>>>

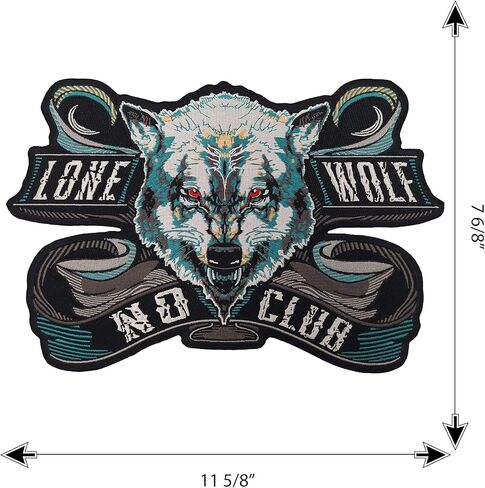 nuttui Lone Wolf No Club Large Embroidered Motorcycle Jacket & Biker Vest Back Patch in Kuwait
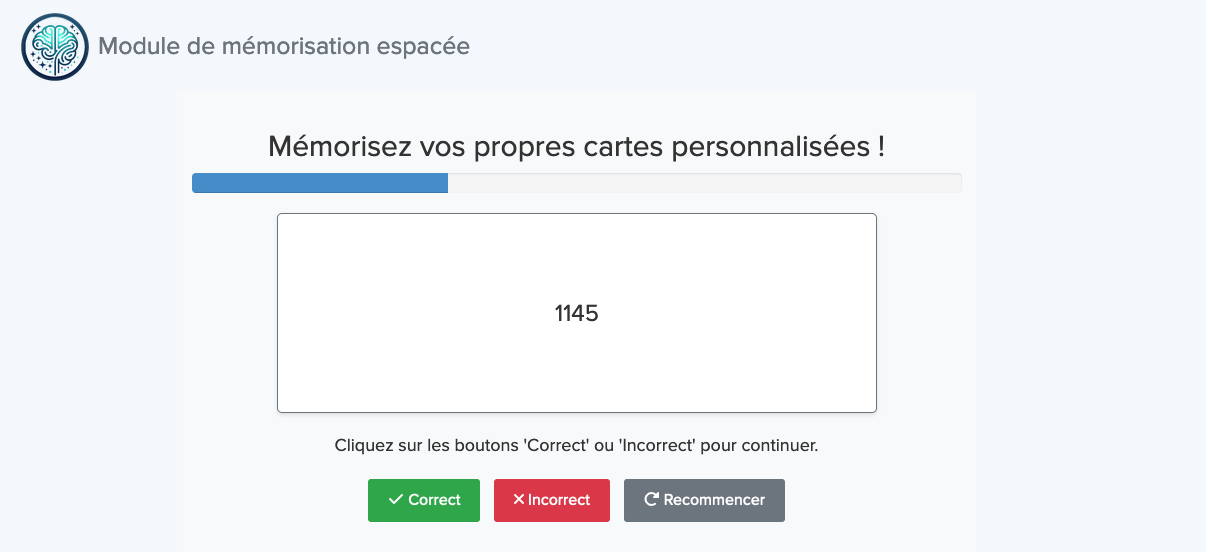 Capture d'écran sur Maxdecours pour la courbe de progression lors de l'utilisation du module de mémorisation espacée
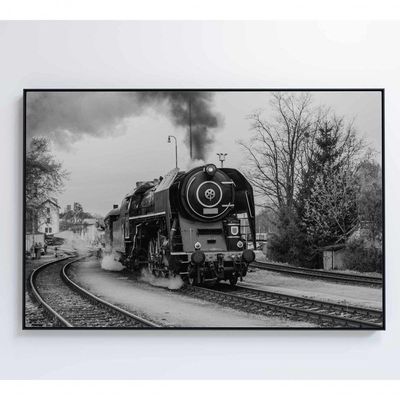 Quadro Trem Preto E Branco 2 90x60 Cm Tecido Canvas
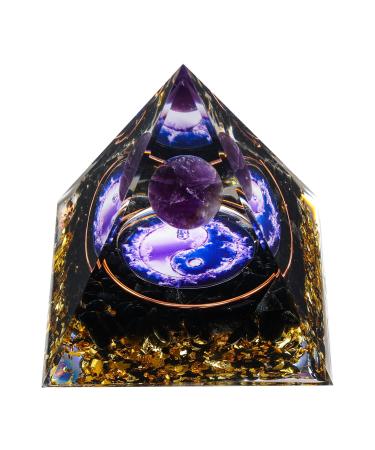 MXiiXM Orgone Pyramid for Positive Energy, Amethyst Crystal Ball Orgonite Pyramid, Protection Crystals Energy Generator for Stress Reduce Healing Meditation Attract Wealth Lucky (Tai Chi)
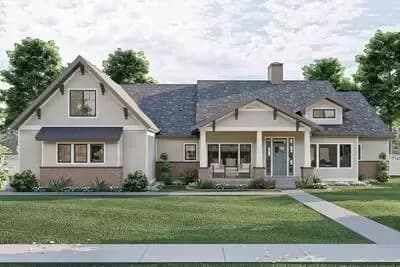 New American House Plan with Bonus Room and Sports Court Options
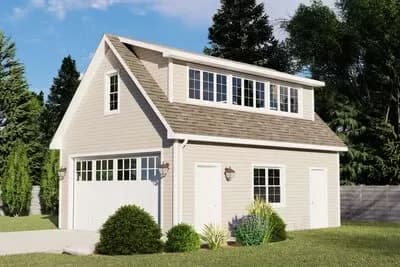 Two-Story Traditional Garage with Optional Loft - 520 Sq Ft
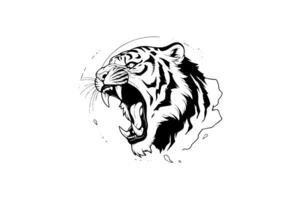 Tiger mascot sport or tattoo design. Black and white vector illustration logotype sign art. photo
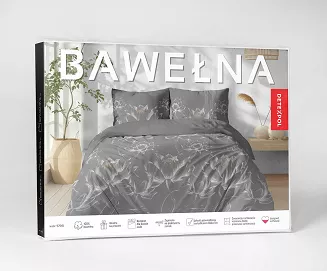 Pościel bawełniana 140x200 Detexpol szara kwiaty lotosu
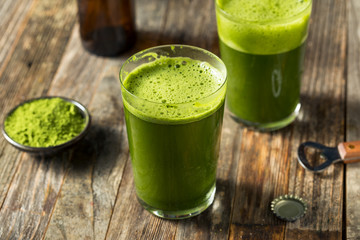 Homemade Green Matcha Beer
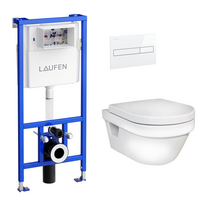 Komplektas: rėmas Laufen su baltu mygtuku ir klozetas Gustavsberg Hygienic Flush su softclose dangčiu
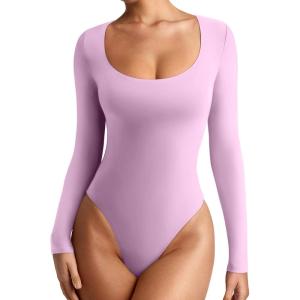 imageREORIA Womens Sexy Basic Sexy Scoop Long Sleeve Double Lined Layering Slim Bodysuit TopsCoral Pink
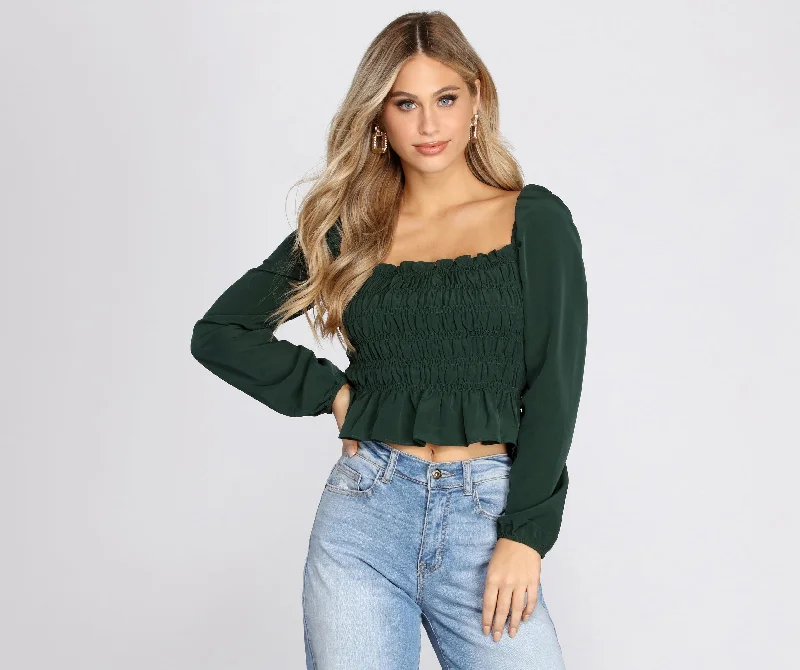 Sweetly Smocked Crop Top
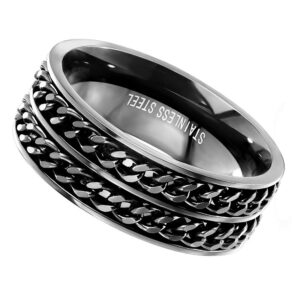 Fantasy Forge Jewelry Blackout Double Chain Spinner Ring Mens Womens Stainless Steel Anti Anxiety Band Sizes 8-14 (13)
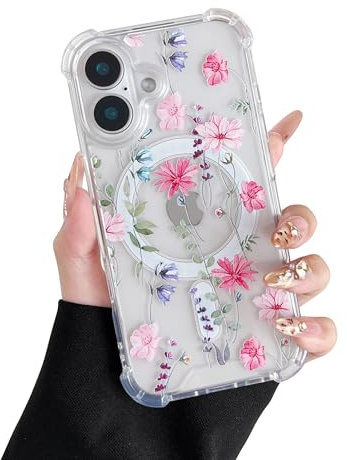 DEFBSC Magnetic Case for iPhone 16 [Compatible with Magsafe], Clear Floral Flower Print Design Flexible Acrylic Bumper Protective Shockproof Case for iPhone 16 - Pink Cosmos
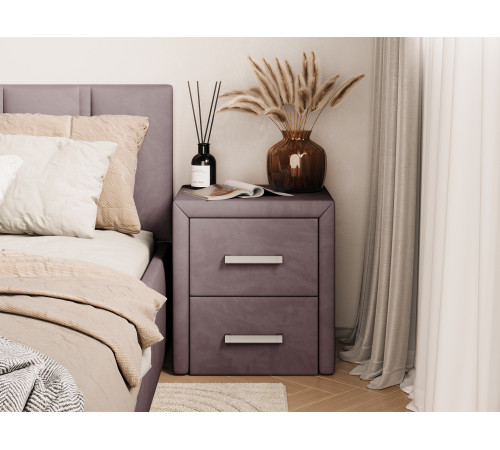 Прикроватная тумбочка Правила мебели Женева Какао, велюр Какао, велюр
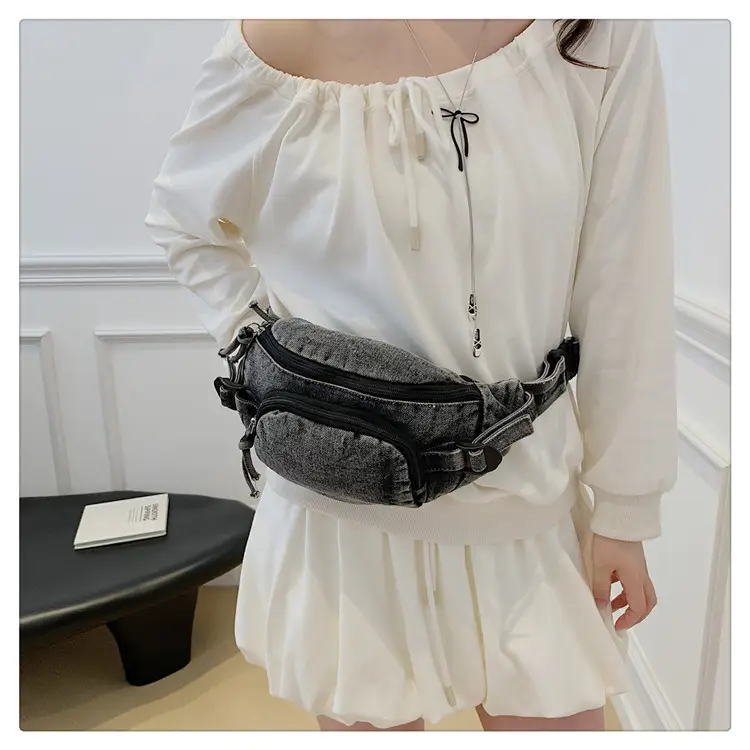 Women's Washable Denim Crossbody Bag Large Mobile Phone Bag — feature 24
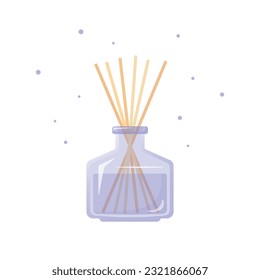 Home fragrance, purple glass bottle with aroma sticks, perfume for home, flat editable object on white background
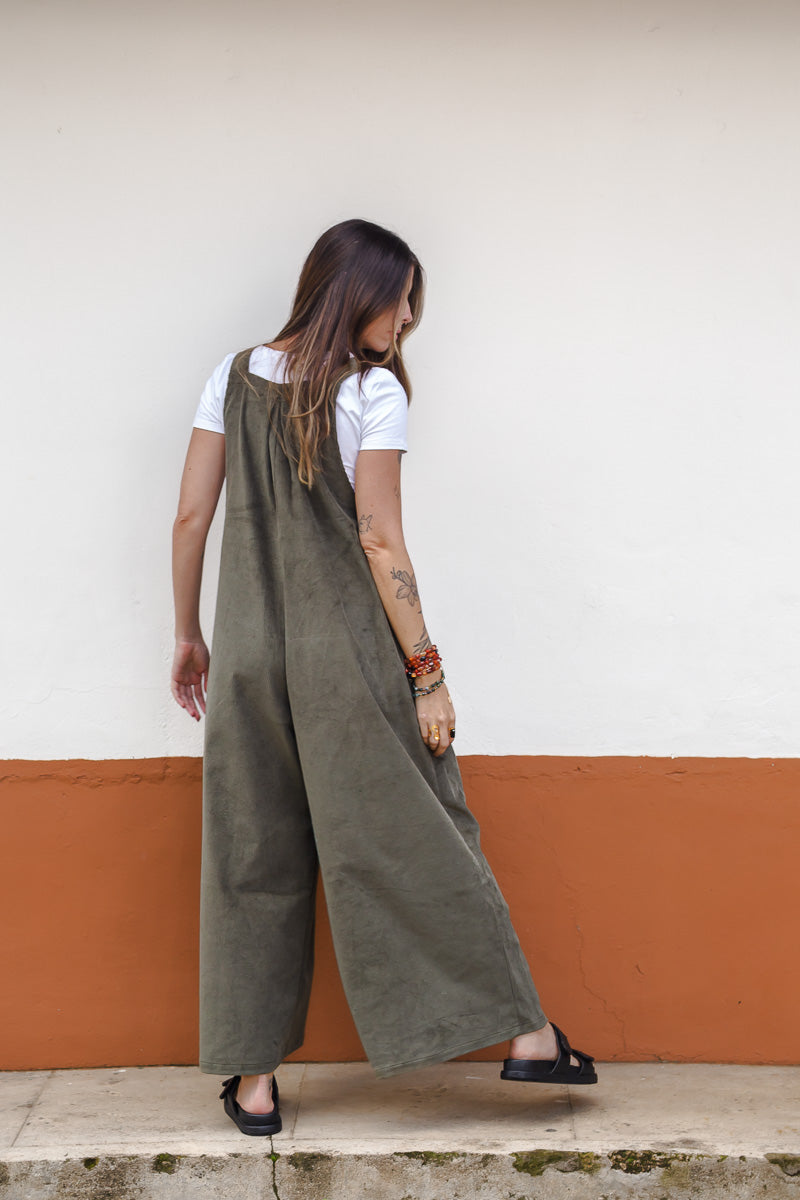 Overall Étnica corduroy sin mangas - Verde eucalipto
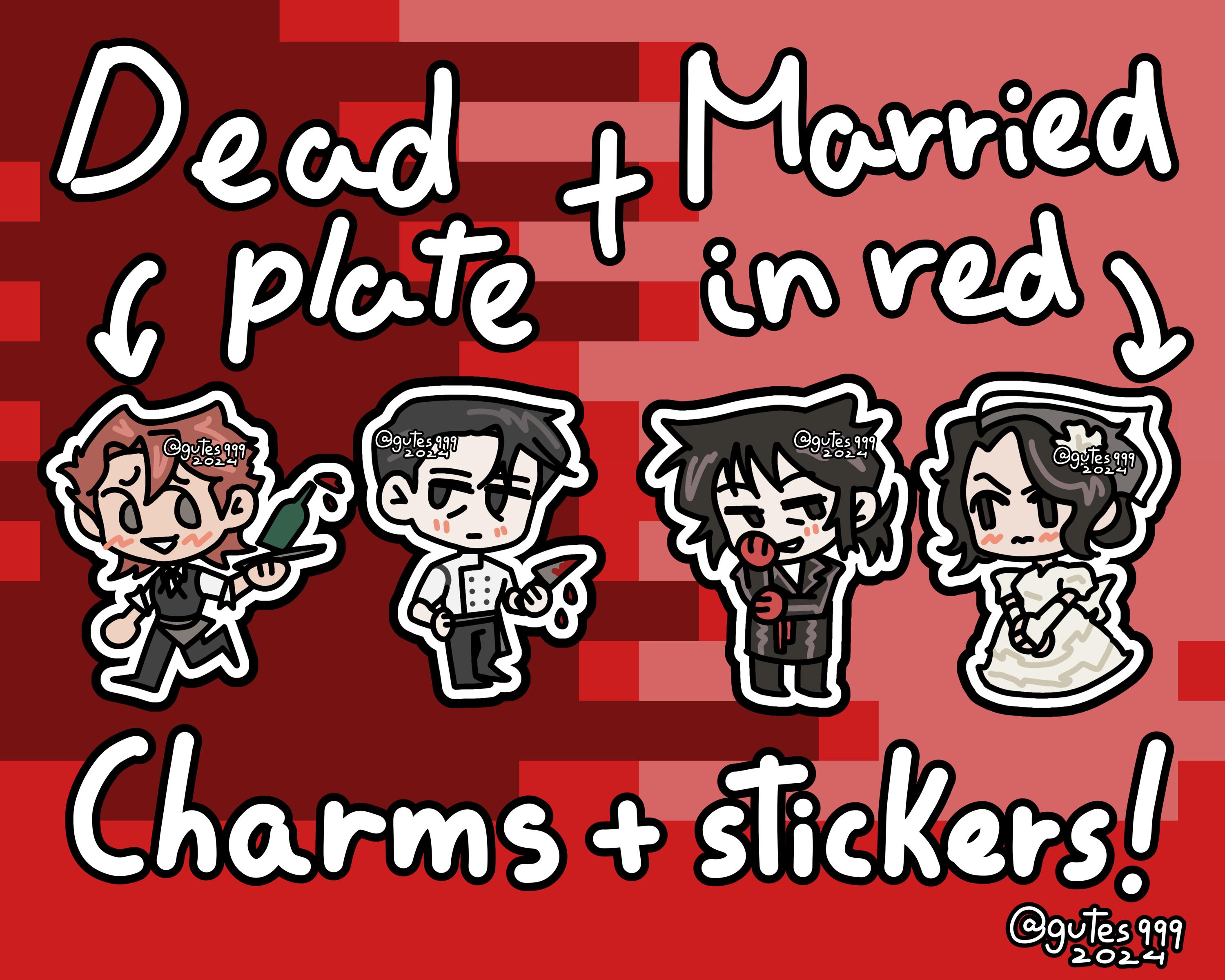 Dead Plate and Married in Red Keychains + Stickers, Vincent, Rody
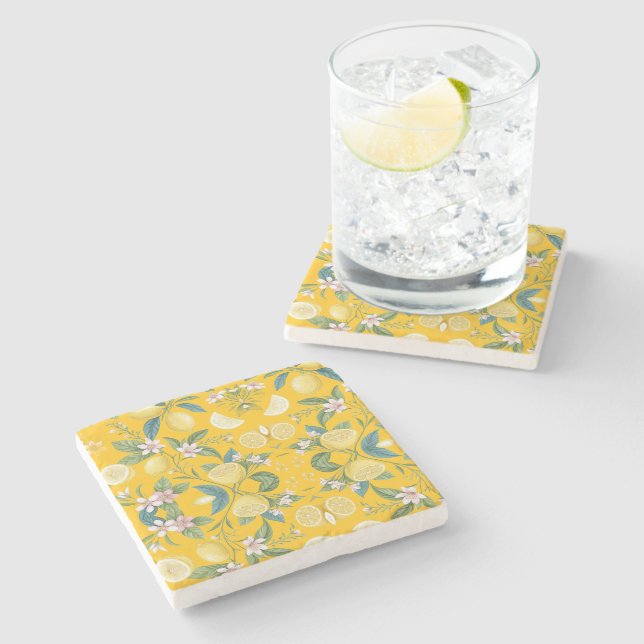 Fresh Lemon Floral Botanical Pattern  Stone Coaster (Side)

<<<

## Your assignment:
Nothing but the lines from the start of the listing through the line with "Capture d'écran sur" belongs in the answer, each one retyped exactly and without pictures.

## The completed task:
 nuttui Lone Wolf No Club Large Embroidered Motorcycle Jacket & Biker Vest Back Patch in Kuwait
 Capture d'écran sur Maxdecours pour la courbe de progression lors de l'utilisation du module de mémorisation espacée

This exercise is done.